İnanın bu sahiplenmeyi gösterirsek turizm konusunda da, kültür konusunda da başarılı oluruz. Çünkü dar bir açıdan bakıyoruz ama çok geniş bir medeniyetimiz var. Bizim diyemiyoruz çünkü bazı şeylere risk diye bakıyoruz. Deşersek altından Yahudi, Ermeni çıkar diye korkuyoruz. Ama hepsi bizim. Hepsini birlikte yaptık. Hepsi bizim demeliyiz. Korkularımızdan vazgeçmeliyiz, ecdat dediklerimiz böyle yaptılar da medeniyet oldular.

"Ülkemizin imajını bozan en büyük tehdit Soylu’dur"

Tanıtım ve imaj için çok para harcıyorsunuz değil mi? Çok önemli paralar ve önemli çabalar var. Ama imajımızı bozan da çok şey var. Kişi başı gelirde 700 doların altındayız. Sebebi demokrasi kalitesinde bir hayli geriye gitmemiz. Yurt dışına gittiğimizde insanlar “ben demokrasi olmayan yere gitmem” diyorlar. Turist çekmemiz için demokrasi kalitesi liginde yukarı çıkmamız lazım. OECD’nin demokrasi kalitesi liginde sonuncuyuz. Bunun gibi pek çok endeks var. Bu endekslerde yukarı çıkmadığımız sürece turizm gelirini artıramayız. Ülkemizin imajını bozan en büyük tehdit de İçişleri Bakanı Süleyman Soylu’dur. Cumartesi Anneleri'nin yerlerde sürüklenme fotoğrafları bütün batı gazetelerinde manşet oldu. Havalimanı işçilerine yapılan eziyet bütün dünyada manşet oldu. Soylu’nun tavırları, yaptıkları imajımızı bozan en büyük tehdittir.

"Ermeni mezarlığının üzerindeki tuvalet bakanın talimatına rağmen kaldırılmadı"

Sunumunuzda "Doğu"dan çok az bahsettiniz.

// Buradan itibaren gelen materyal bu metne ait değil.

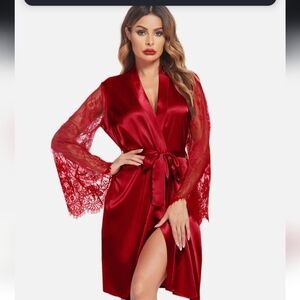Women's Red Satin & Lace Robe - Tie in Front - AvidLove - Size L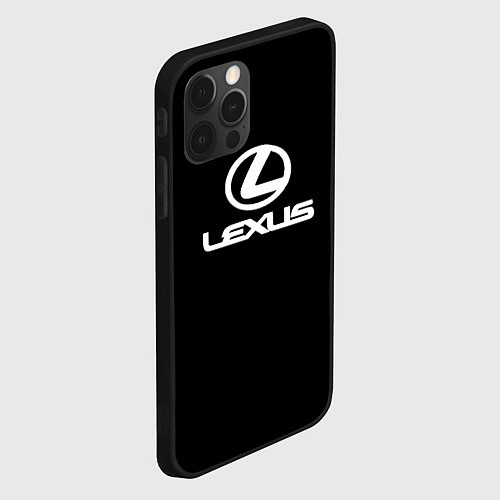 Чехол iPhone 12 Pro Lexus white logo / 3D-Черный – фото 2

Orayla ilgili hiçbir vizyon ortaya koymadınız. İnanın Van Havalimanı’nın kapasitesi Antalya’yı, Dalaman'ı geçebilir. Orada ciddi medeniyetler var. Orada ciddi bir master plan yapılsa, Ermenistan’la, Gürcistan’la ortak bir plan yapılsa Van Havalimanı en büyük havalimanı olabilir. Van Edremit, cennetten bir köşe. 4000 yıllık Urartu tarihi belirlenmiş. Ermenilerin kiliseleri var, Aşil Gorki’nin köyü burada. Dünyada bazı uyduruk yerleri nasıl pazarladıklarını bilirsiniz. Buradan 5 milyonluk hikaye yaratırım ben. Ama kayyum ne yapmış orada, Ermeni mezarlığının üzerine tuvalet yapmış. Sizden önceki bakan talimat verdi, “yıkılacak o tuvalet” dedi. Ama kayyum yıkılmayacak dedi ve o tuvalet hala orada. Bu büyük bir saygısızlık.

"Dizilerde nefret suçu işleniyor"

Sinema sektörüne destekten bahsettiniz. Ama nasıl bir tarih anlayışıyla destek veriyorsunuz? Mesela Abdülhamit dizisi, herkes Türk, Türk olmayanlar ihanet içinde. Ertuğrul Diriliş dizisi de aynı şekilde. Ama Osmanlı böyle bakmamış, çok dilli, çok kültürlü bakmış. Siz herkes Türk; Ermeni Yahudi hain derseniz nefret suçu işlemiş olursunuz. Bunun RTÜK tarafından denetlenmesi lazım.

"Hisselerinizi devretmeden bakan olmanız siyasi etiğe aykırı"

Sayın Bakan siz Türkiye’nin en büyük tur operatörünün patronusunuz, havalimanı şirketinin patronusunuz, otellerin patronusunuz. Burada pek çok oyuncu var.  Ve siz Turizm Bakanlığının başına geldiniz. Rekabet Kurumu olsa ben buna şikayette bulunurdum. Çok önemi bir oyuncunun Turizm Bakanı olması rekabete uygun mudur? Ya da siyasi etiğe uygun mudur? Siyasi etik yasaları der ki, bir konuda oyuncu olan hisselerini tamamen devretmeden bakan olamaz. Ben bunun siyasi etiğe aykırı olduğunu düşünüyorum. Neden hisselerinizi devretmeden bu koltuğa oturdunuz?